Library & Explore History saved - but petition remains open
Feb 7, 2015 — On National Libraries Day, we can announce that the IWM has declared that its library collection will be saved and the library and the Explore History facility in London will remain open. This comes on top of our earlier victory (see the “Education battle won …” update below) in securing IWM’s formal education services.
While Prospect still has concerns over some of the details, we would like to offer a huge thank you to everyone who has supported our campaign to maintain the IWM as an international centre for study, research and education.
More than 20,000 people have signed our petition; the issue has been covered in the press, on TV and in Parliament and unprecedented support has been given by @SaveIWMLibrary on Twitter. Our members wish to give their sincere thanks to everyone who has supported the campaign or helped us.
When we launched the petition we also asked the public to consider making a donation to IWM. Again, a big thank you to everyone who did this. We understand that this raised more than £900 and that IWM will add this money to the library acquisitions budget.
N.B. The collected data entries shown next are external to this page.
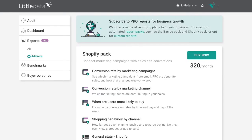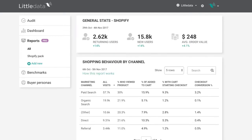Report packs are paid add-ons for our service that help you focus on analyzing a particular aspect of your traffic. We have an overall Shopify pack — packs cost different amounts on different plans depending on transactions and sessions, but average around $20 a month. You get four different reports going into detail about how your campaigns are leading to sales in Shopify. We also have packs for specific channels — we've just launched one for Facebook marketing, with an email marketing pack coming soon.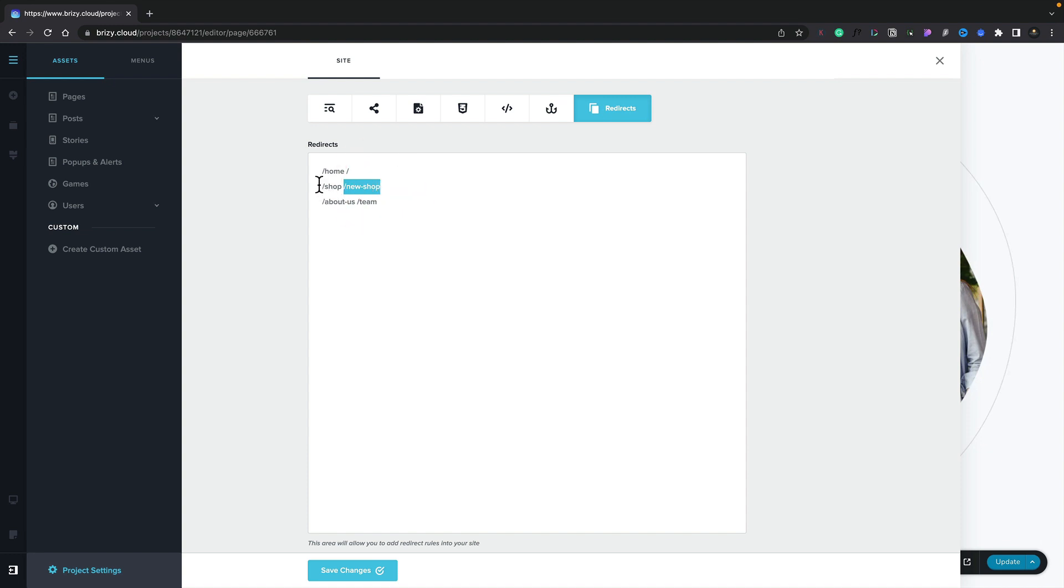So when anyone goes to shop, they'll automatically be redirected to the new shop, which is the new URL. And that's it. Once you've set everything up, make sure you save changes, and all of your new redirects should be in place.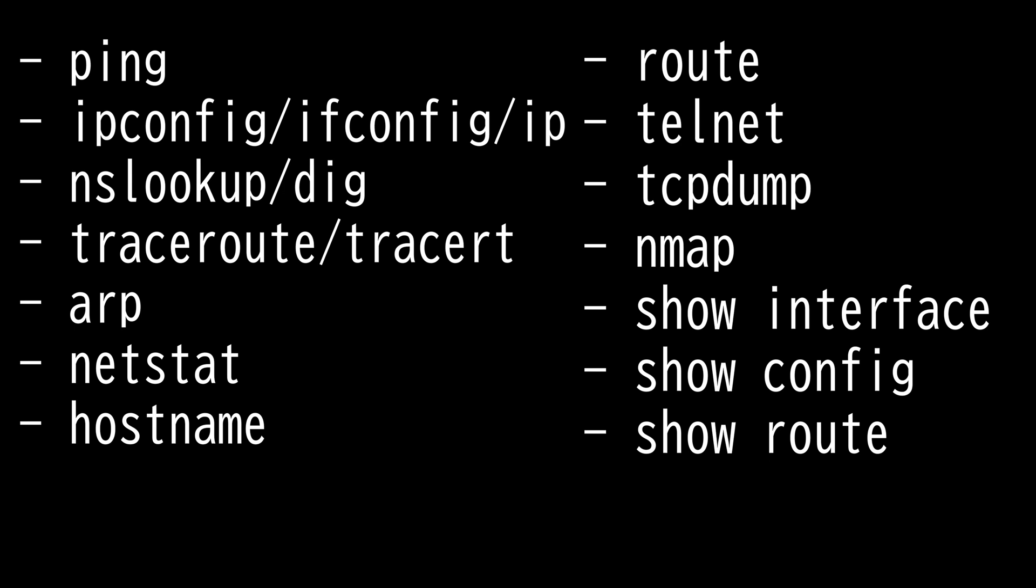Then we have route, which enables you to view and configure the routes in the routing table. With the route command, you display and modify routing tables on your Windows and Linux systems.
We continue to press IWM to do everything possible to encourage donations from the public in order to ease the difficulties created by government funding cuts.
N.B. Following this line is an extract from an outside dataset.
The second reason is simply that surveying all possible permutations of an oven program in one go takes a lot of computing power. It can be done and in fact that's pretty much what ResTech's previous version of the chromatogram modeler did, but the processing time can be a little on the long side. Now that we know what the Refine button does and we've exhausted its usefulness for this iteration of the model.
On-going financial pressures mean that plans are now being developed to reduce the opening hours of the Research Room in London; introduce charges for its use and review the enquiry services that will be available to the public in the future.
There will also be redundancies among staff who, collectively, have more than 220 years of experience of helping visitors and working with the library collection. Clearly, we have concerns over these developments.
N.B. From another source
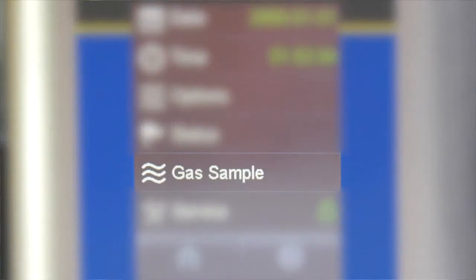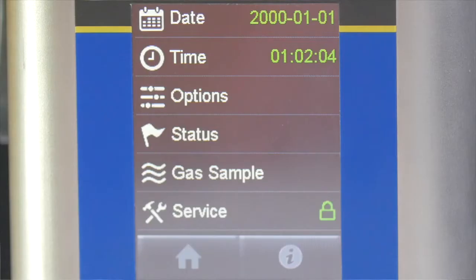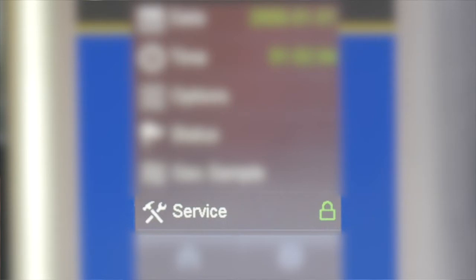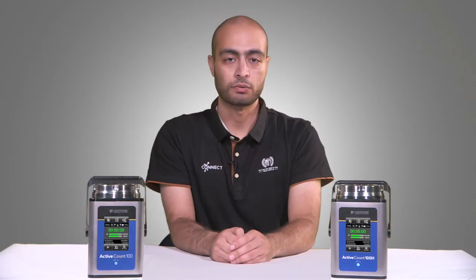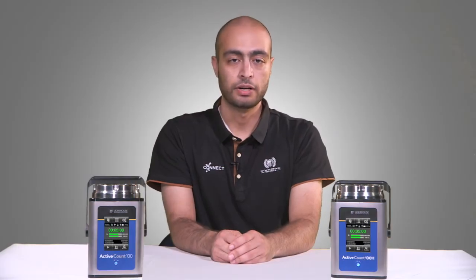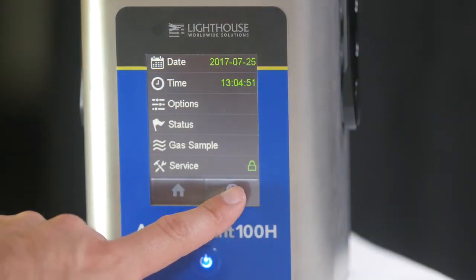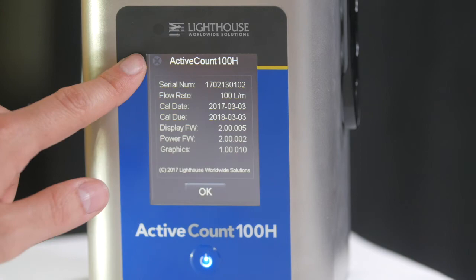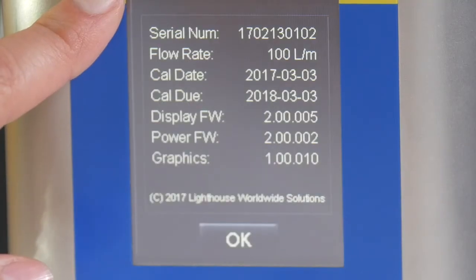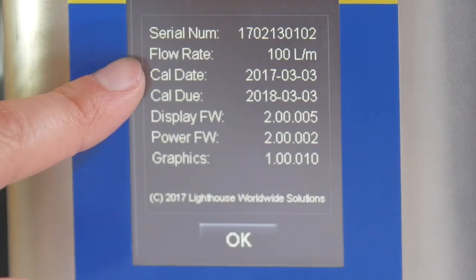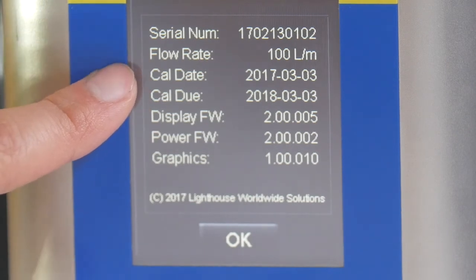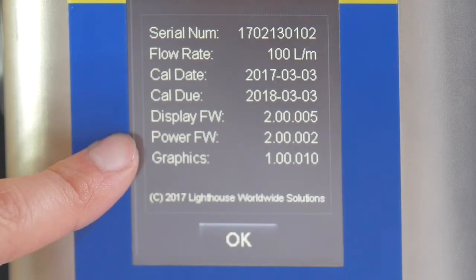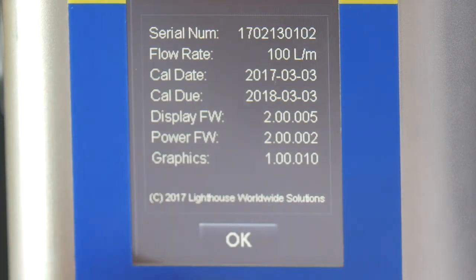Next, we have the gas sampling adjustment. We will cover compressed gas sampling in a separate video. Next, we have service access, which is password protected and is used for instrument calibration. On the bottom of the settings menu, we have an additional button to view instrument information. This information screen includes the model name, serial number, flow rate, calibration dates, and firmware versions. Press OK to return back to the settings menu.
Like many people, Prospect is fundamentally opposed to charging for access to museum collections that are held on behalf of the nation. We are concerned that reduced opening hours for the Research Room will present problems for visitors and provide only minimal savings in staff time. We also wish to ensure that the library collection continues to grow.
Unfortunately, we understand that the additional funding of £8m over the next four years promised by George Osborne in early December 2014 (see the “Education battle won …” update below) has not yet been formally confirmed.
We believe that part of this additional funding should be used to ensure that the library and Explore History are protected and maintained. Therefore, until such formal confirmation is received, we will keep our petition open – IWM as we know it cannot survive further cuts in the funding it receives from government.
Again, a big thank you to everyone who has supported our campaign.
We will leave the final word with Sir Martin Conway, the first Director-General of the IWM who said this in Parliament in the early 1920s:
“You can make the Museum what you please. You can make it a mere storehouse of souvenirs and trophies and guns, but those are the matters of smallest importance in the Museum.
“It is in the records, the maps actually used by the Generals in the field, the enormous collection of photographs, all the air photographs that were taken, the record of all the work of women throughout the length and breadth of the country during the war in manufacture and substitution, the library, the map room – it is in all those smaller and less striking objects that the main value and importance of the Museum to the historian will consist.”